Schliesslich bot er sich als Produzent an. Sie bekam einen Manager und Türen fingen sich an zu öffnen. Plötzlich war sie in Neuseeland, bekam eine Tour beim Studio von Peter Jackson und traf sich mit Vertreter*innen der Filmkommission. Sie stellte ihr Projekt bei Warner Bros. vor und selbst die Casting-Leute, die ihr vor Jahren beim «Hobbit»-Casting die kalte Schulter zeigten, waren interessiert. Aber jetzt sind grosse neue Projekte wegen Corona vorderhand auf Eis gelegt.

Zurück zum normalen Alltag

Und so konzentriert sich die aus Küsnacht am Zürichsee stammende Schauspielerin momentan auf ihre Schüler*innen. Sie hilft Schauspieler*innen mit der amerikanischen Aussprache und sich in der internationalen Szene zurechtzufinden. «Es ist eine grosse Befriedigung, sie dann an den Abschlussfeiern zu sehen», so Meister. «Ich kann für sie die Person sein, die ich wünschte, ich hätte am Anfang als Unterstützung gehabt.»

Nebenbei betätigt sich Deborah Meister auch lustvoll als eine Art Lady Whistledown aus dem Netflix-Hit «Bridgerton» und schreibt einen anonymen Dating-Blog: «Es sind Geschichten, die ich selber erlebt habe und die ich enttabuisieren will.»

Im März 2022 werden ein Jahr seit der Long-Covid-Diagnose und zwei Jahre seit der Krankheit verstrichen sein.
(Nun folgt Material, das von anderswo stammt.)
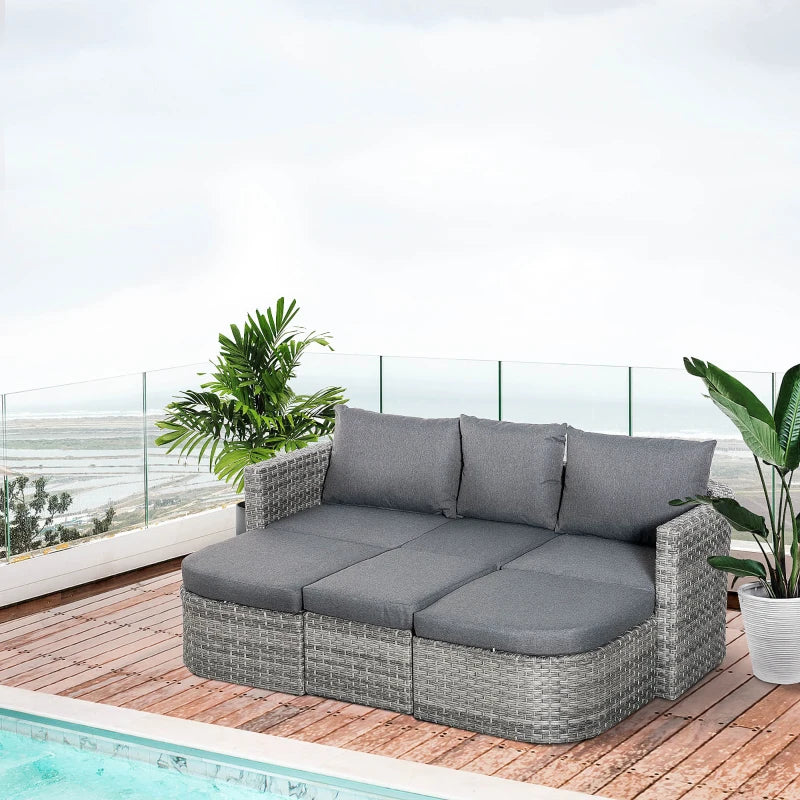 Outsunny Rattan Sofa Set to Daybed - Grey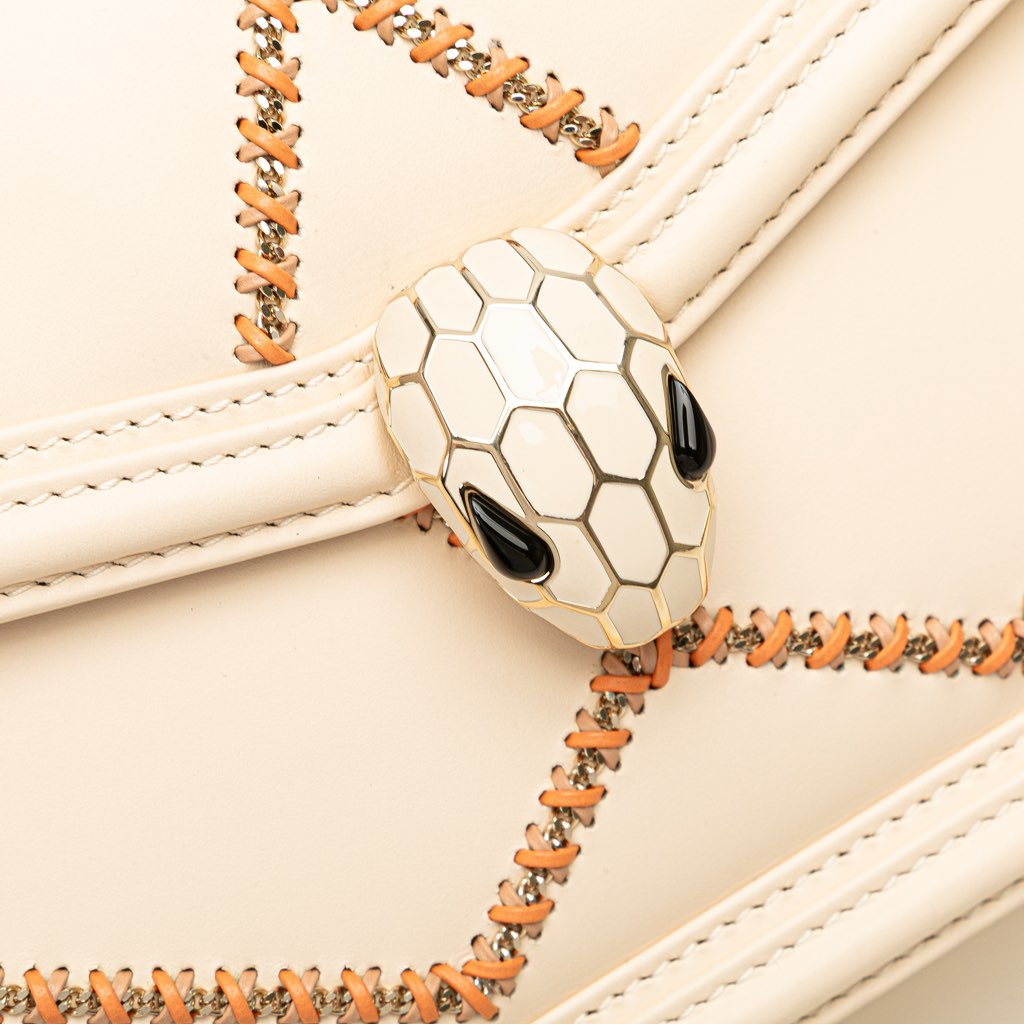 Bvlgari Leather Serpenti Forever Whipstitched Satchel - 4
Was erhofft sie sich also für den nächsten Frühling? «Ich hoffe, es ist alles ruhiger und gelassener und ich kann an Projekten arbeiten. Ich wäre dann gerne beim Dreh in Neuseeland, aber ich bin auch glücklich, wenn ich in einem Café sitze und schreibe.» Und lachend fügt sie hinzu, dass sie auch noch persönliche Ziele hat.

«Ich möchte eine Familie und suche mir dazu noch die richtigen Bausteine.»